There is another powerful technique which I would like to cover in more detail. It is based on controlling where we place the focus of our attention:
When feeling self-conscious we tend to focus our attention away from the people around us and instead focus on our own anxious behaviour, on the associated physical sensations and on the negative automatic thoughts that come up. We create a negative distorted image of ourselves in our mind. And the more we are appalled by that image, the more we seem to fall in-line with it.
Our sense of self, the “felt sense”, is affected. We develop an attentional bias towards all the little negative signs, blowing them out of proportion in our mind. We believe everybody notices our insecurity and judges us for it. By holding the focus on ourselves we are magnifying the physical symptoms of anxiety (e.g. shaking, sweating, stammering). Often that causes those symptoms to become more severe. A vicious cycle kicks in. We dismiss positive signs like smiles and goodwill directed towards us and we focus on anything negative. We are not able to judge the situation objectively and we are not aware of what is really going on in the room when all our attention is directed inwards, on the negative self-image we have in that moment.

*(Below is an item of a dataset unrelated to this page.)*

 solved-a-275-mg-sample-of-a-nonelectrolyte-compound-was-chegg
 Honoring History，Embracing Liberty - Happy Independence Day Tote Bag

We can manage to break this cycle by turning our attention outwards, observing closely the people around us or our audience. We might notice how many people respond in a positive manner to us, or display a neutral attitude. And some simply don't pay any attention to us at all. We might also notice that in any given situation there will be quite a few people who are just as nervous and who are trying just as hard to make a good impression.
We can work on this by consciously shifting our attention back and forth between our self-image and our surroundings (including the people surrounding us). The more we practise this, the more we realise that our focus is under our voluntary control. By practising this shuttling technique in more and more difficult social situations, we get on the path to break this unhelpful pattern.
Therapy and also hypnotherapy can provide a safe environment to work through the approaches and techniques above and to bring about the desired positive change. After a thorough assessment of the individual’s particular patterns and needs, hypnosis gives the chance to play through difficult situations in the safety of imaginary exposure. It also facilitates the rehearsal of new helpful cognitive and behavioural patterns so that these get instilled and eventually become automated, giving freedom from debilitating fears.